Manuel Ignacio Ayala Chauvin

Group Assignment 10: Measurement of Power Consumption of an Output Device

Output Device Selected

For this assignment, we selected a servo motor model MZ996. This type of servo is commonly used in electronic projects due to its metal gears, which offer better resistance and durability during mechanical movements.

Connection Setup

The servo motor has three wires:

• VCC (red) – connected to 5V DC power supply.
• GND (black or brown) – connected to ground.
• Signal (orange or yellow) – connected to a PWM output of the development board (e.g., Arduino).

The servo is controlled using a PWM signal and operates at 5V DC.

Program Execution

A basic program was uploaded to the development board to rotate the servo motor periodically.

Measurement Procedure

To measure the power consumption:

• Voltage was measured in parallel with the servo motor.
• Current was measured in series.

A digital multimeter was used to capture the voltage and current values during the operation of the servo.

Observations

• Voltage behavior during operation: Voltage variation video
• Current behavior during operation: Current variation video

Since the servo was not under load (not moving any external weight), the current consumption remained low and stable.

Conclusion

The measurement of power consumption showed that:

• The voltage remained around 5V with minor fluctuations.
• The current draw was minimal, which aligns with the unloaded condition of the motor.
• Proper use of the multimeter (parallel for voltage, series for current) is essential for accurate power measurements.

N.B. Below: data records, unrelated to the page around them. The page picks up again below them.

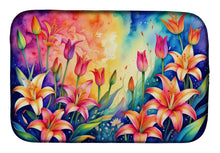 Load image into Gallery viewer, Lilies in Color Dish Drying Mat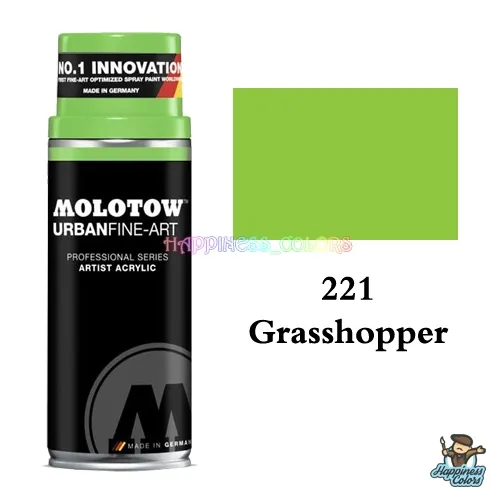 UFA Artist Acrylic Spray 400ML - Grasshoppe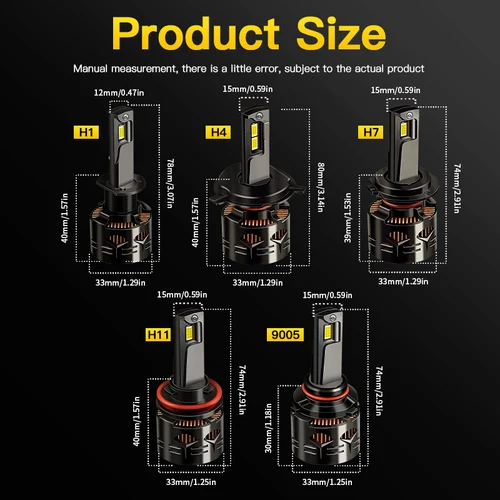 Imagen 2 del producto 2 uds CANbus de alta calidad para Nissan X-TRAIL (T32) 2013-2020 faros LED H9 luces altas H11 luces antiniebla delanteras de vigas bajas Plug & Play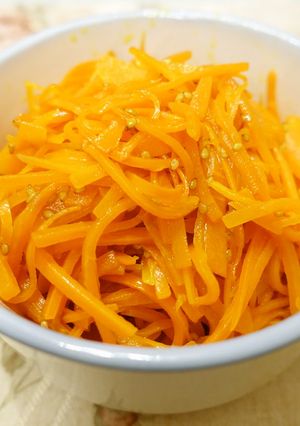 バター風味♪にんじんのきんぴら★作り置き-レシピのメイン写真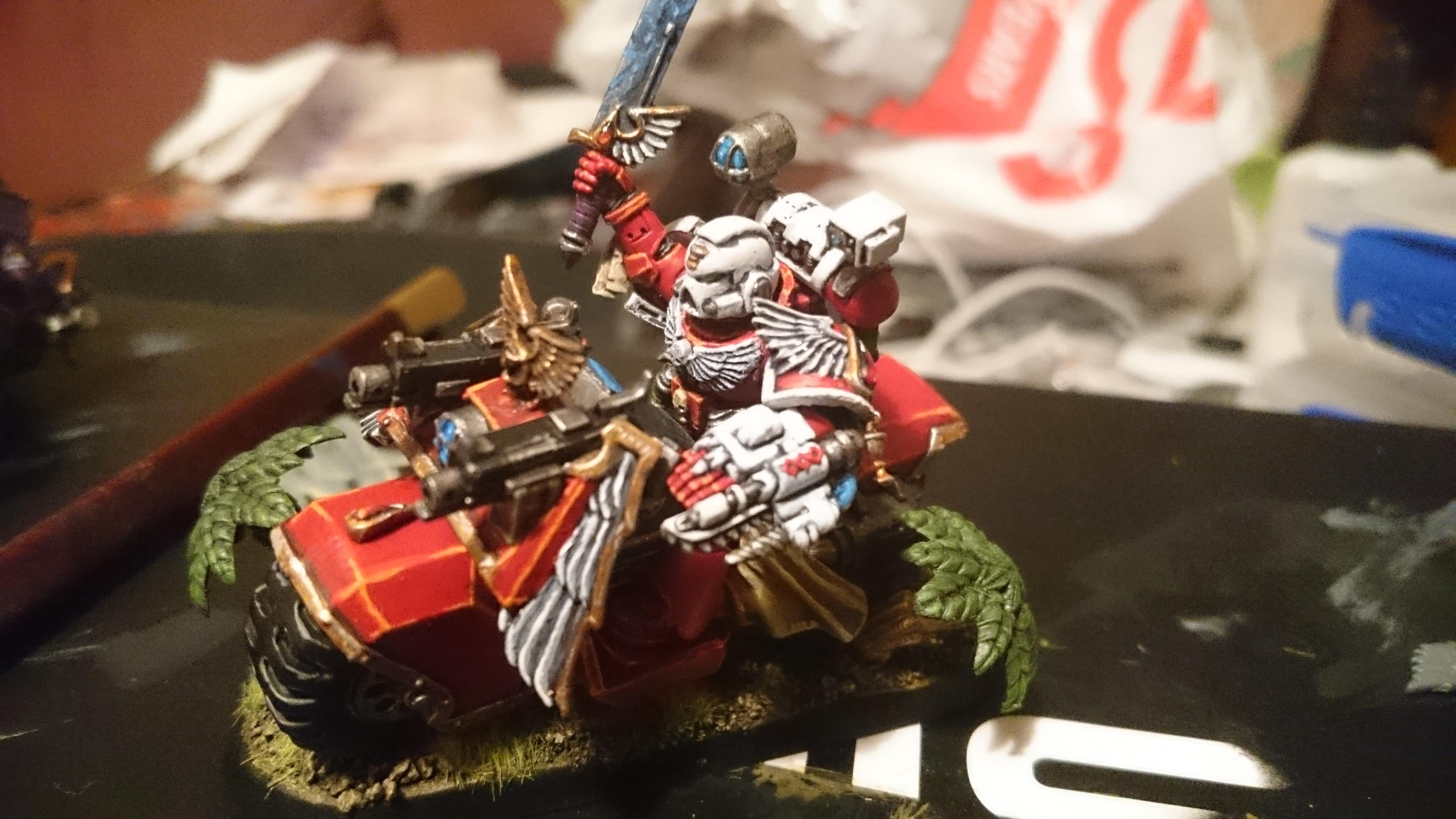 Sanguinary Priest, Sanguinary Priest On Bike, Space Marines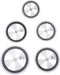 Circle Quilting Template CHENJIN 5PCS Circle Ruler Quilting Template Set for Quilting Circle Rulers Quilt Arc Circle Cutter Ruler, 5 Size...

In this assignment, an output device was added to a previously designed and fabricated development board using an ATTINY412 microcontroller. The chosen output devices were two servo motors, which were controlled through programming using the developed board.

Step 1: Electronic Schematic Design

Initially, an electronic schematic was created considering the devices to be connected. Each servo motor includes three pins: VCC (power), GND (ground), and a control signal that enables its movement. The initial schematic diagram is shown below:

Step 2: PCB Design

After defining the schematic, the printed circuit board (PCB) was designed. This process carefully organized connections to ensure both servo motors were powered through a single connection, facilitating the necessary control signals from the microcontroller.

Step 3: Gerber File Generation and Configuration

From the PCB design, Gerber files detailing electrical paths and required drillings were generated. These files were configured and subsequently converted into G-code format, ready for use on the Monofab SRM-20 milling machine.

Step 4: PCB Manufacturing

The PCB manufacturing was performed using the Monofab SRM-20 milling machine, ensuring precision in electrical connections and necessary drillings for electronic components.

Step 5: Soldering and Connections

With the PCB manufactured, necessary electronic components, including the ATTINY412 microcontroller and specific servo motor connections, were soldered.

Step 6: Microcontroller Programming

Once the circuit was fully assembled, the code required to control both servo motors was developed. The code was designed for coordinated and precise movement, showcasing the ATTINY412’s capability to effectively manage external devices.

Step 7: Testing and Validation

Finally, the code was loaded onto the microcontroller, and the servo motors' functionality was tested. The obtained results demonstrated correct operation, confirming the effectiveness of the design and programming.

Test Video: https://youtube.com/shorts/YDQ0HEVnBxA

Conclusion

This project successfully demonstrated integrating output devices with custom electronic boards, showcasing skills in electronic design, digital fabrication, programming, and functional validation. This methodology can be replicated by following the detailed steps above, allowing students and professionals to adapt the procedure according to their specific needs.